What are some of the key areas you feel we, as Southern
Baptists, still have work to do that can begin in New Orleans? 

BB: One of the things I think we’ve seen over the course of this year is that there’s a good bit of uncertainty and a lack of clarity in the way our Bylaw 8 procedure works with regard to doctrinal objections to churches and [their affiliation with] the SBC. Our governing documents, in an effort to keep the peace in our cooperative, deliberately have been worded in such a way that they [vaguely] talk about close identification with the Baptist Faith and Message. I affirm the efforts that were made in that to try to build as good a base for cooperation as could be built, but I do think nobody really knows what that means. The challenge of that is, now we have a process that has a credentials committee and they have to know what it means in order to do their work. 

Everybody has a different idea about what they think our governing documents call for. So I think we’re going to have an opportunity to do work to make those procedures and the ideas behind them clear, understandable, and consistent so everybody knows we’re operating fairly, that we’re operating in a way that preserves the core theological distinctions that hold us together as Southern Baptists, while also preserving the latitude for cooperation that makes us able to harness and use the resources and energy of a broad coalition of churches for the work of the Great Commission.

"Though the culture seems to be sliding further away from biblical truth, I think that’s also opening opportunities for the gospel.

What has the past year taught you personally 
and in your role as SBC president?

BB: One thing I have learned is how much work it is to be president of the SBC. The people who’ve served in this role before … I appreciated them, but I didn’t appreciate them enough. It’s a job that requires a lot of attention and effort. I’d say another thing I have learned is the excellence and dedication with which the staff at the SBC Executive Committee works to help the ministries of the SBC operate and work well. I have leaned hard on them for so much of the work I’ve done. 

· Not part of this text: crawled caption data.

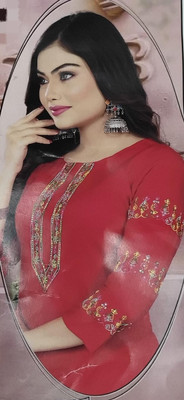 Shalini Women Embellished, Embroidered A-line Kurta(Red)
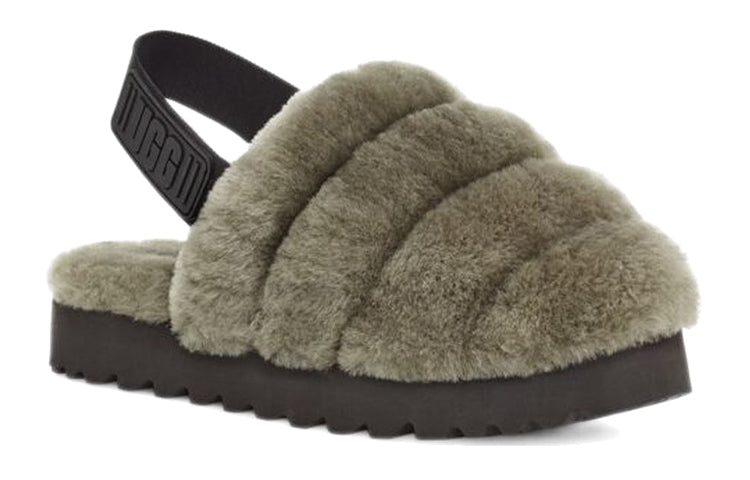 (WMNS) UGG Super Fluff Slipper 'Olive Green' 1121751-BTOL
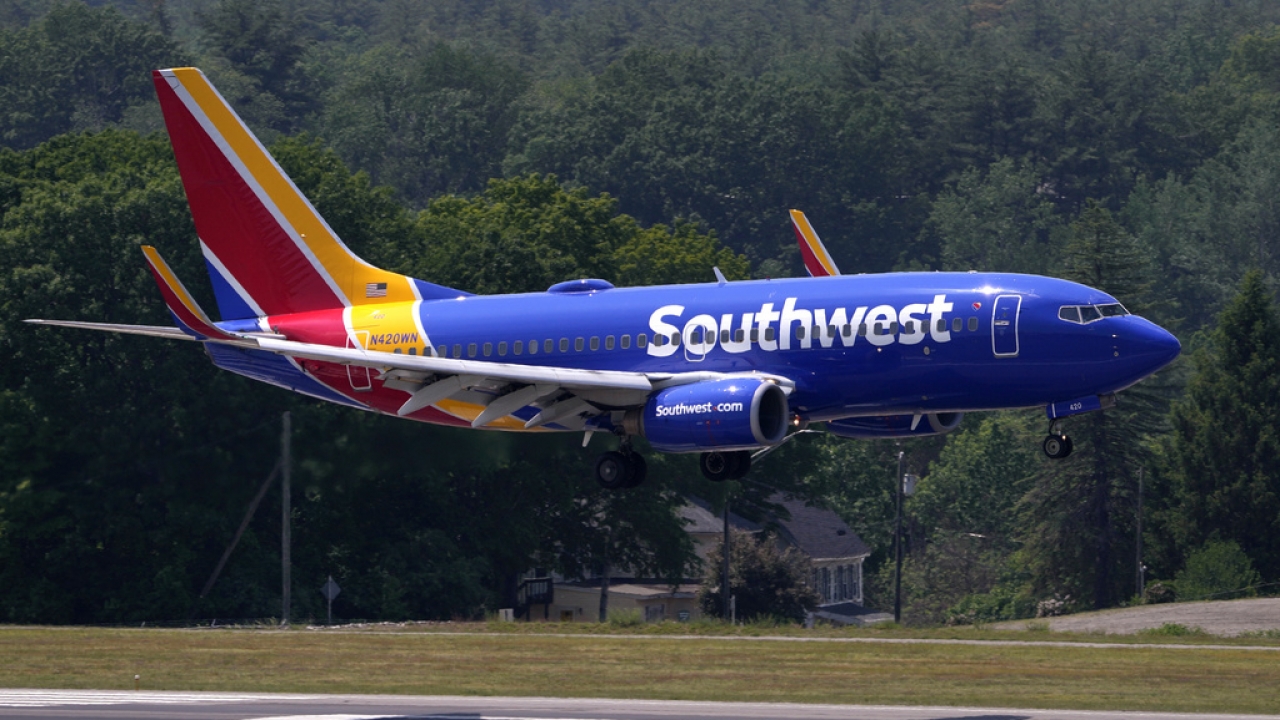 A Southwest plane lands in Boston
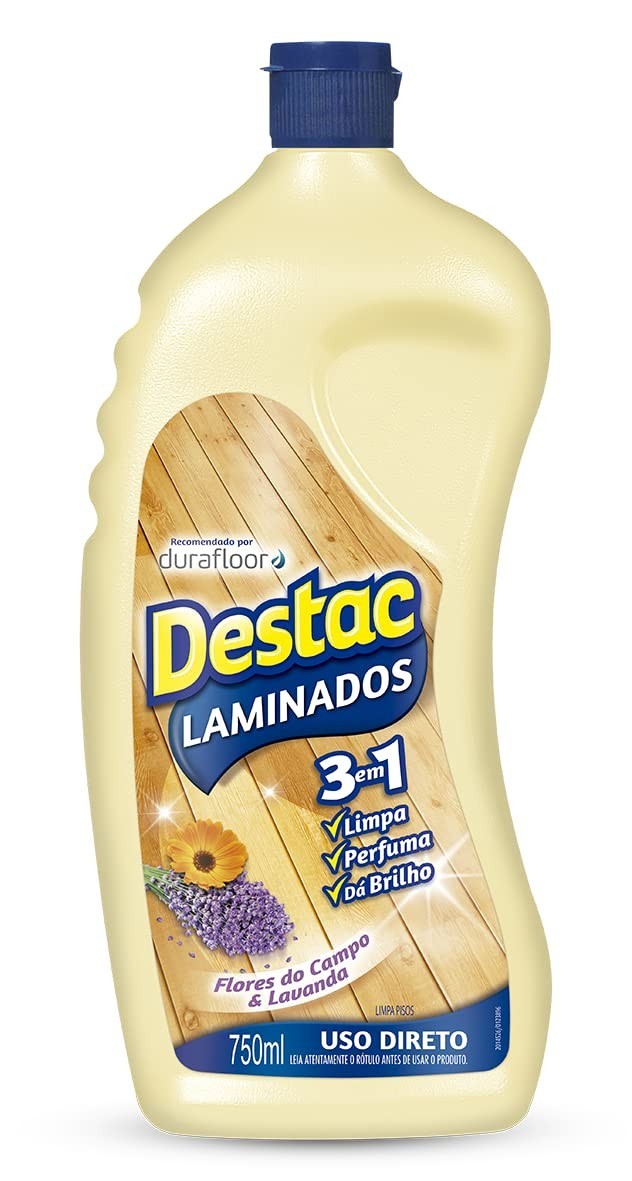 Limpa Pisos Destac Laminados Lavanda 750ml - Fórmula 3 em 1 com PH Neutro
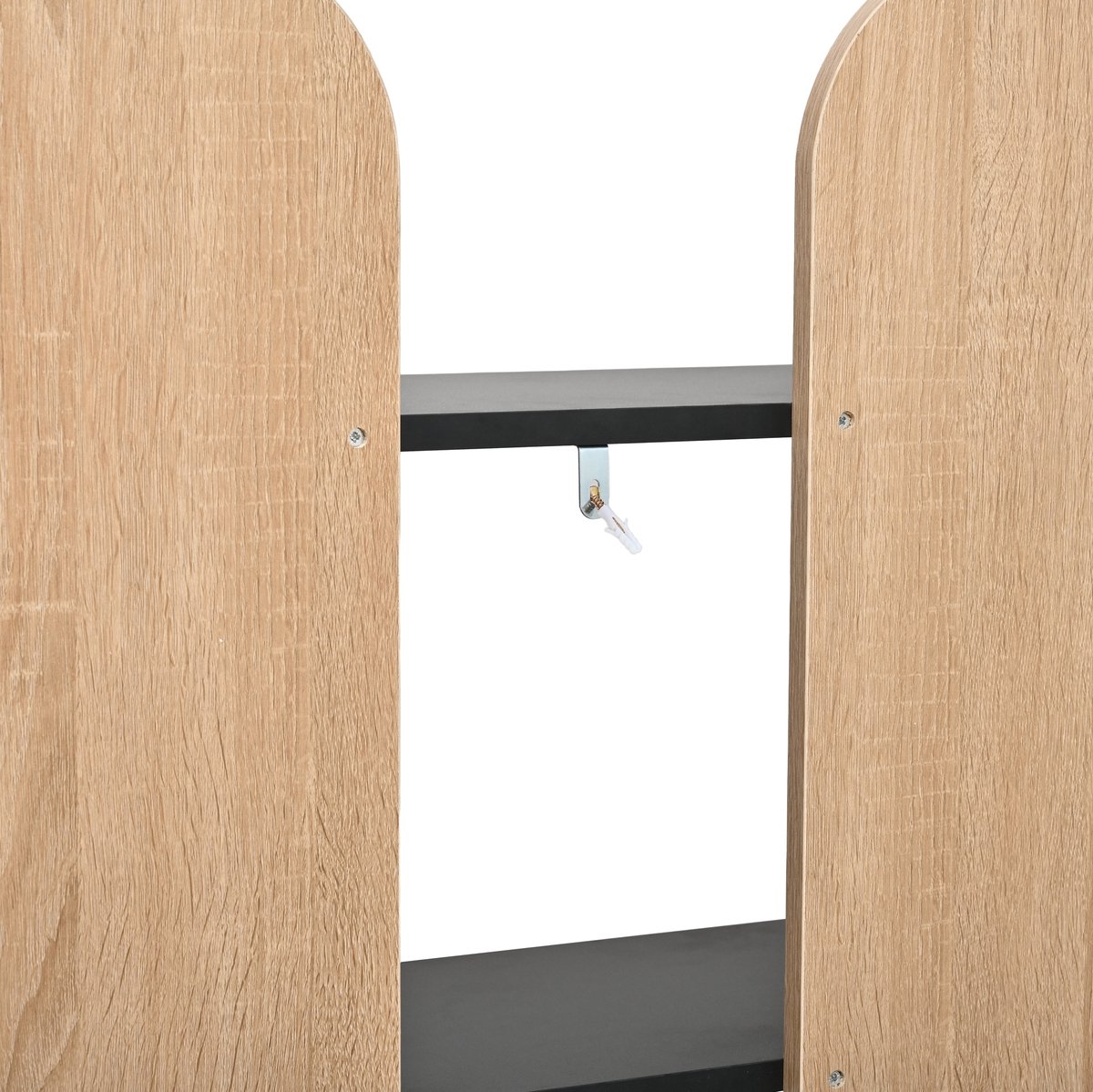 STILVORA Boekenkast – 160 x 135 x 25 cm – 5 Niveaus Met Open Indeling – Spaanplaat – Naturel En Zwart – Voor Woonkamer En Kantoor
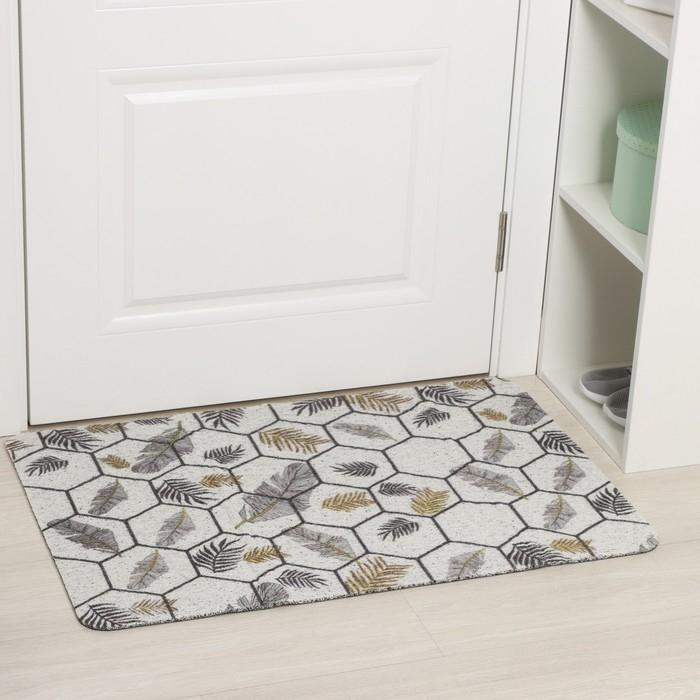 Коврик придверный грязезащитный Доляна «Топ», вырезной, 60×90 см, цвет серый Коврик придверный грязезащитный Доляна «Топ», вырезной, 60×90 см, цвет серый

Personally, this has been a year with a lot of struggle and difficulty in terms of health things in my extended family. Also, I’ve got a 20-year-old and a 16-year-old, and I have learned how important it is for me to hang up the phone and ignore the SBC for a little bit and pay attention to them. I’ve had to sort out some priorities and make sure to tend to those things.

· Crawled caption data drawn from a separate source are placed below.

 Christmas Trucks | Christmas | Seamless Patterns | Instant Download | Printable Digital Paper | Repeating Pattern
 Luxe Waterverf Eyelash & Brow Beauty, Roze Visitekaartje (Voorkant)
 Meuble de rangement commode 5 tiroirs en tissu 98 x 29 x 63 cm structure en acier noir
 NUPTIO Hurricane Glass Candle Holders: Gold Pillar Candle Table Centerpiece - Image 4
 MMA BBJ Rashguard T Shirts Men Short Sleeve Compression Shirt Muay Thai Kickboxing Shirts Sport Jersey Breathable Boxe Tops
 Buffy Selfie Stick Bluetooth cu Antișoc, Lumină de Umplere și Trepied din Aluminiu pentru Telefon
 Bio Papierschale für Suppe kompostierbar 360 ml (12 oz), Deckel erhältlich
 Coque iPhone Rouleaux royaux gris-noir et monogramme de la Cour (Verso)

I’ve also really learned about the faithfulness of God and His people. There have been so many times I’ve been scared about things. That interview with 60 Minutes—I was terrified about that. I’ve never done anything like that before. That put me in front of a whole lot of different people. What if I mess up? That would’ve been easy to do. But there was an army of people who prayed for me about that. My church prayed for me. Friends prayed for me. People who didn’t know me but who care about the SBC prayed about that, and I saw God respond to those prayers and carry me through that. It’s so reassuring to see that it never really was about what I was able to do. It was about what God could do to carry me through it.

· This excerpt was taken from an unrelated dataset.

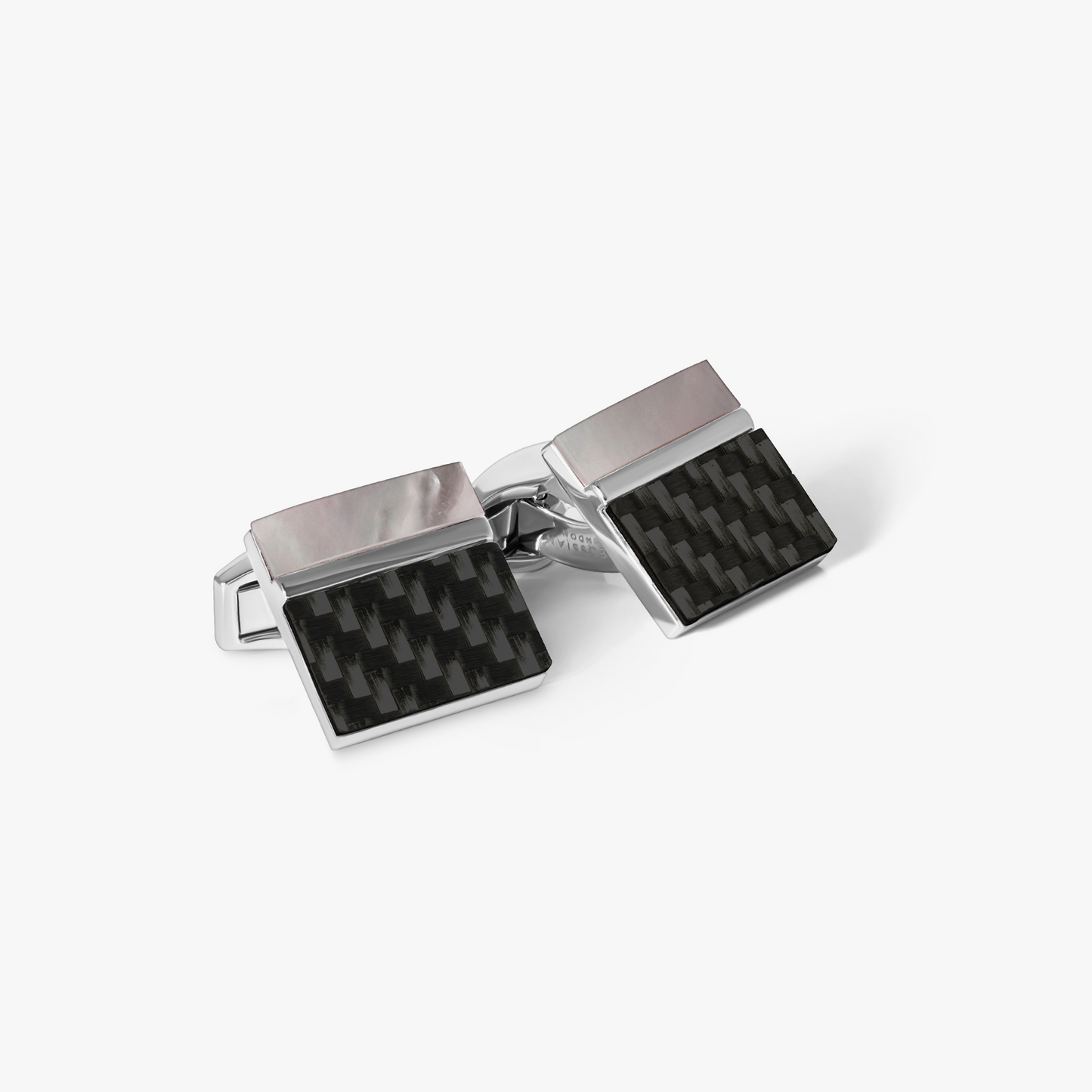 Carbon Mosiac Cufflink in Black MOP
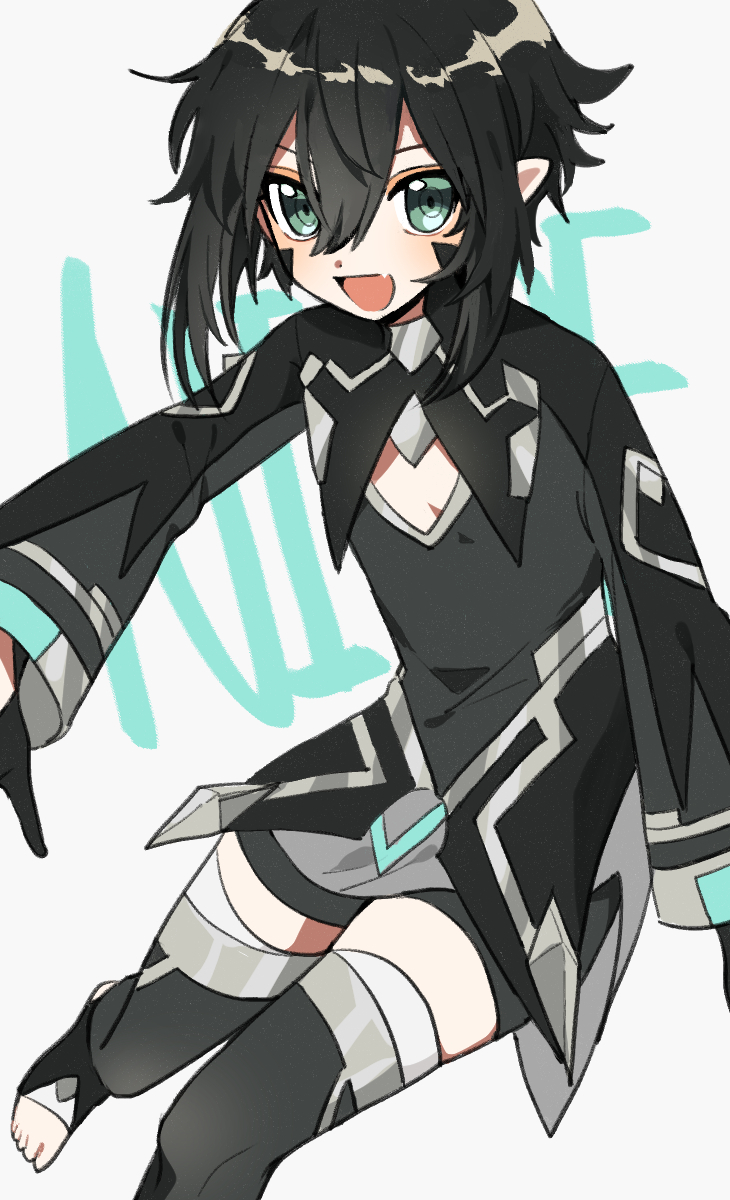 1boy, black_hair, black_legwear, black_shirt, black_shorts, blue_eyes, character_name, facial_mark, fang, gloves, green_eyes, highres, koyashaka, long_sleeves, lord_of_heroes, nine_(earth), nine_(lord_of_heroes), pale_skin, pointy_ears, shirt, shorts, smile, thighhighs, trap, white_background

How can we amplify the voice of the SBC to speak into a culture that seems to be sliding further away from biblical truth? 

BB: I think ultimately, the headquarters of SBC work is the local church, and the best work we can do is help Southern Baptists to speak—not to speak for Southern Baptists. Our seminaries are doing excellent work to equip people to be able to address the issues that are before us in the world. We amplify our voice through the work done by institutions like the Ethics and Religious Liberty Commission as questions come up before the Supreme Court to advocate for traditional gender roles, traditional marriage, pro-life concerns, and religious liberty. The Texas Ethics and Religious Liberty Committee does a great job with this also. 

Though the culture seems to be sliding further away from biblical truth, I think that’s also opening opportunities for the gospel. We are seeing how many people are harmed by the movement of culture, the family, education, and law and society away from biblical truth. We believe those things because God gave them to us, but we also believe those things lead to healthy societies, healthy families, healthy people. That’s been the story of spiritual awakening over and over in the United States. It was in times of great darkness and indifference to the gospel that people had a hunger and a yearning for something more. I think the best way we amplify our voice is to share the gospel with people in our community who are lost and to help them see Jesus is the answer.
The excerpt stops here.